ライク・ア・ローリングストーンなブログマガジン「マンフラ」

「ジャスミン」を聴いてチャーリー・ヘイデンはきっといい人だと思った。

2010年06月14日 | 音楽
 キース・ジャレットとチャーリー・ヘイデンによるデュオ・アルバム「ジャスミン」がいい。バッハのゴールドベルクだとかクラシックの楽曲に挑戦したりする姿勢があまり好きではなく、「ケルンコンサート」とマイルスに捧げたデジョネット、ピーコックとのトリオの演奏くらいしか聴いていないから、どちらかといえば好きではないミュージシャンのひとりだったキース・ジャレット。でも、このアルバムのキース・ジャレットは、もっぱらチャーリー・ヘイデンのおかげなのだろう、「さあ、俺の音楽を聴け」みたいな思いあがりが消えて、月並みだけれど実はこんなシンプルなフレーズでバラードが弾きたかったんだよ、といっているようなのだ。いつもと違うじゃないと、キース嫌いを聴く気にさせたのは、チャーリー・ヘイデンの人徳じゃないだろうか。ただし、キース本人がながながとライナーノーツを書き、「愛する人と二人で聴いてね」みたいなことを言っているのは大きなお世話だ。

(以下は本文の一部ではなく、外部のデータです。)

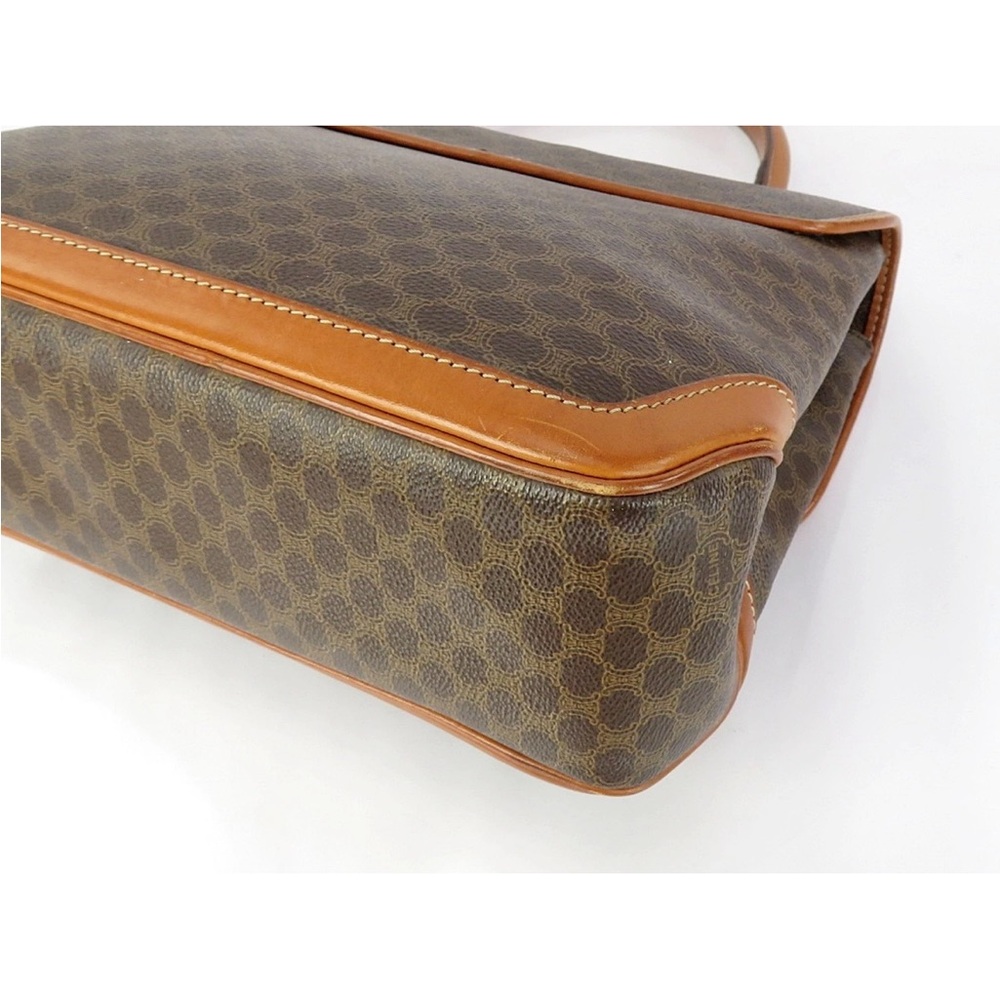 Celine Brown and Tan Patterned Satchel - Picture 9 of 16
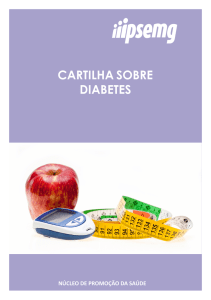 CARTILHA SOBRE DIABETES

 チャーリー・ヘイデンという人は、きっと相手の心を和ませるとか素直にさせる名人、たとえると香炉みたいな人なのだろう。その人の前にいくと落ち着く、普段いえないこともいえちゃうような人なのだ。決して多くの言葉を語るわけではないが、ぼそぼそと穏やかに語ることばに温かみや深みがあるというか、そんな人に違いない。パット・メセニーとのデュオも懐かしさと憧れが美しく同居していたけれど、「ジャスミン」も来し方とこれからの人生への憧憬がシンプルに溶け合っている。齢と共に演奏する側の音楽だって変わっていく。昔のようにはできないから違う方法論が必要だ。聴く方も歳をとり、違う音を求める。そこがシンクロすると音楽と幸福な出会いをすることになる。「ジャスミン」もそんな音楽だ。

 それにしても、昔やんちゃをやっていたミュージシャンが、みんないい人風になるのはどうかと思う。エコとか低成長時代のミュージシャンのひとつの姿なのだろうか。ジャズの進化を担ってきた世代が、どうジャズと共に人生を終えたらいいかそれぞれが回答を求めているように思える。死ぬまで音楽のやんちゃだったマイルスは、やっぱりスゴイ!